Firstly, and perhaps most surprisingly, Americans make better Communists than Russians ever did, or cared to try. They excel at communal living, with plenty of good, stable roommate situations, which compensate for their weak, alienated, or nonexistent families. These roommate situations can be used as a template, and scaled up to village-sized self-organized communities. Big households that pool their resources make a lot more sense in an unstable, resource-scarce environment than the individualistic approach. Without a functioning economy, a household that consists of a single individual or a nuclear family ceases to be viable, and people are forced to live in ever larger households, from roommate situations to taking lodgers to doubling up to forming villages. Where any Russian would cringe at such an idea, because it stirs the still fresh memories of the failed Soviet experiment at collectivization and forced communal living, many Americans are adept at making fast friends and getting along, and generally seem to posses an untapped reserve of gregariousness, community spirit, and civic-minded idealism.
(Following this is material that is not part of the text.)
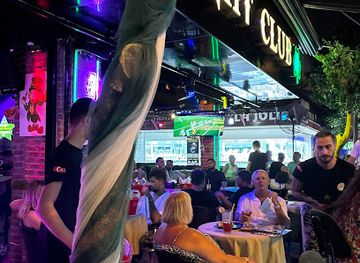 turkiye/ionia/nightclub/irishnightclub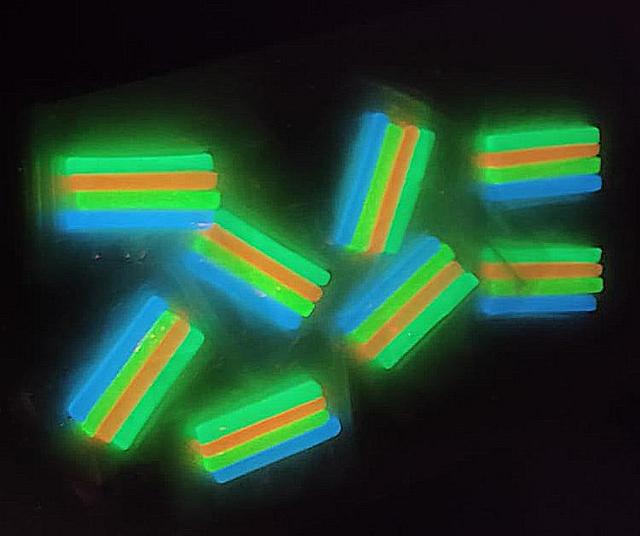 Силикон наживочный GLOW (светонакоп.) (4 цвета) (Primfisherman)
Secondly, there is a layer of basic decency and niceness to at least some parts of American society, which has been all but destroyed in Russia over the course of Soviet history. There is an altruistic impulse to help strangers, and pride in being helpful to others. In many ways, Americans are culturally homogeneous, and the biggest interpersonal barrier between them is the fear and alienation fostered by their racially and economically segregated living conditions.

Lastly, hidden behind the tawdry veneer of patriotic bumper stickers and flags, there is an undercurrent of quiet national pride, which, if engaged, can produce high morale and results. Americans are not yet willing to simply succumb to circumstance. Because many of them lack a good understanding of their national predicament, their efforts to mitigate it may turn out to be in vain, but they are virtually guaranteed to make a valiant effort, for “this is, after all, America.”


Dmitry Orlov. Post-Soviet Lessons for a Post-American Century.